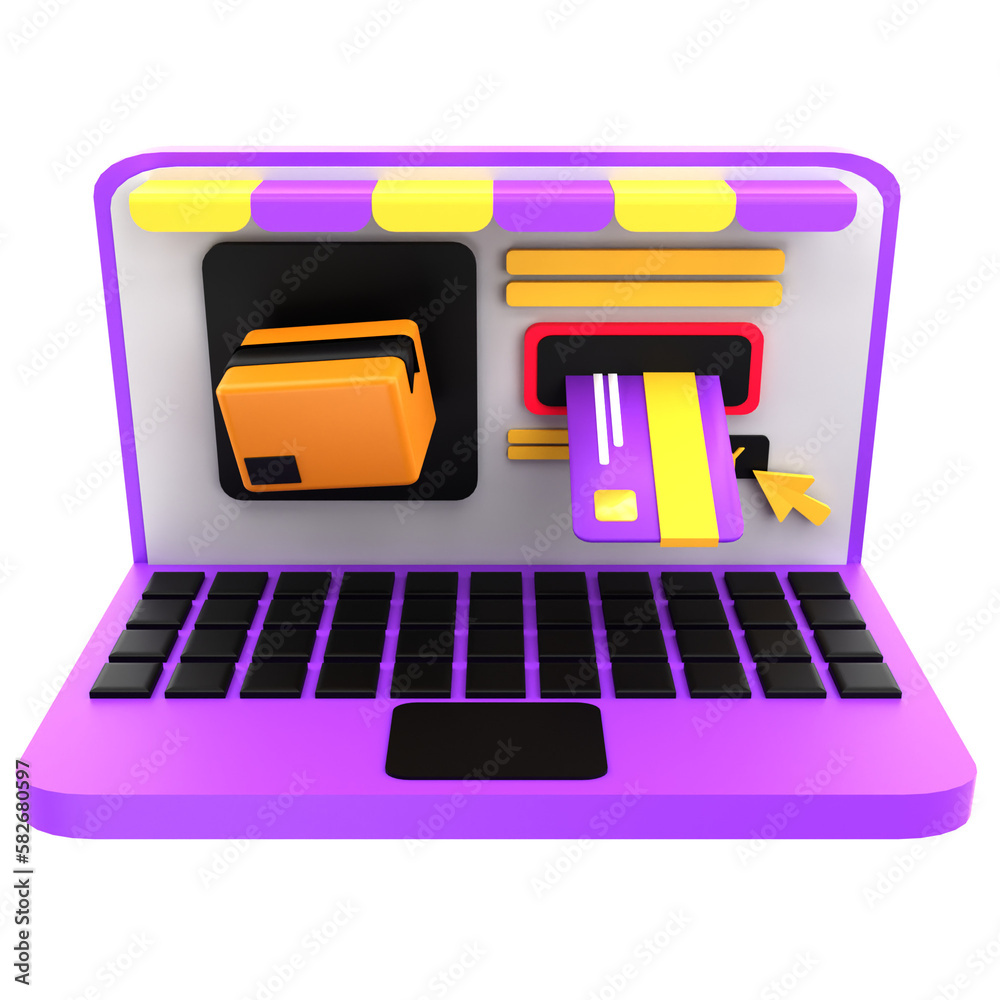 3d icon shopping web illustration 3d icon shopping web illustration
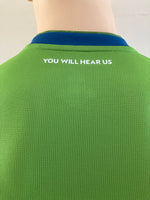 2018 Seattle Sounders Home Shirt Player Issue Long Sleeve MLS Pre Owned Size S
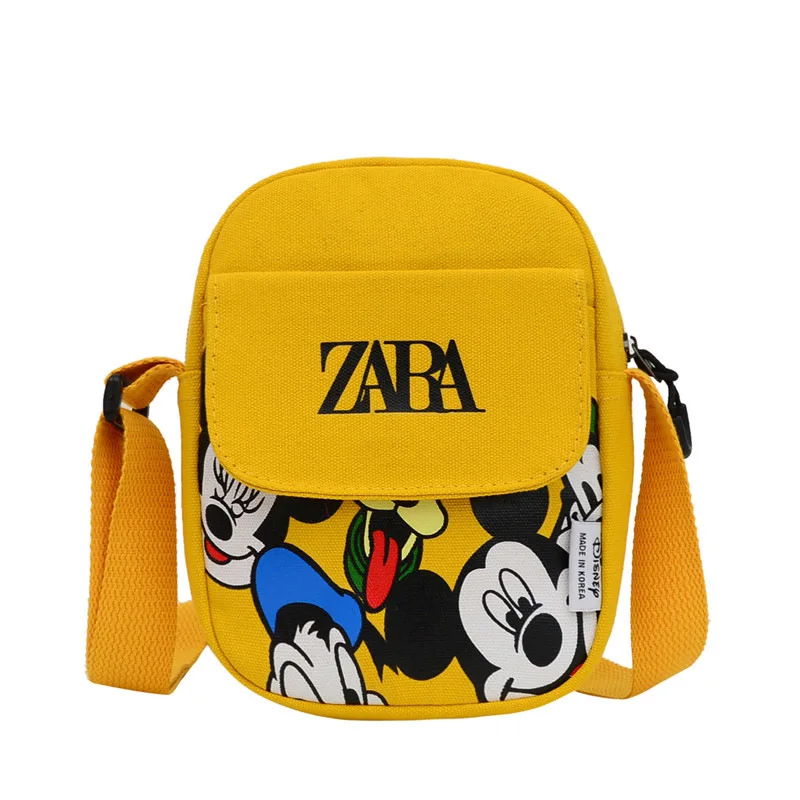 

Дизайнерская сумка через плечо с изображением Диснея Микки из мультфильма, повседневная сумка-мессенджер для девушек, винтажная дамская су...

· · · · ·

> **Goal of the exercise**: All lines from the one holding "2018 Seattle Sounders" to the end of the listing above need to be duplicated exactly. None of the pictures should be included.

> **Task solution**:
 2018 Seattle Sounders Home Shirt Player Issue Long Sleeve MLS Pre Owned Size S

Дизайнерская сумка через плечо с изображением Диснея Микки из мультфильма, повседневная сумка-мессенджер для девушек, винтажная дамская су...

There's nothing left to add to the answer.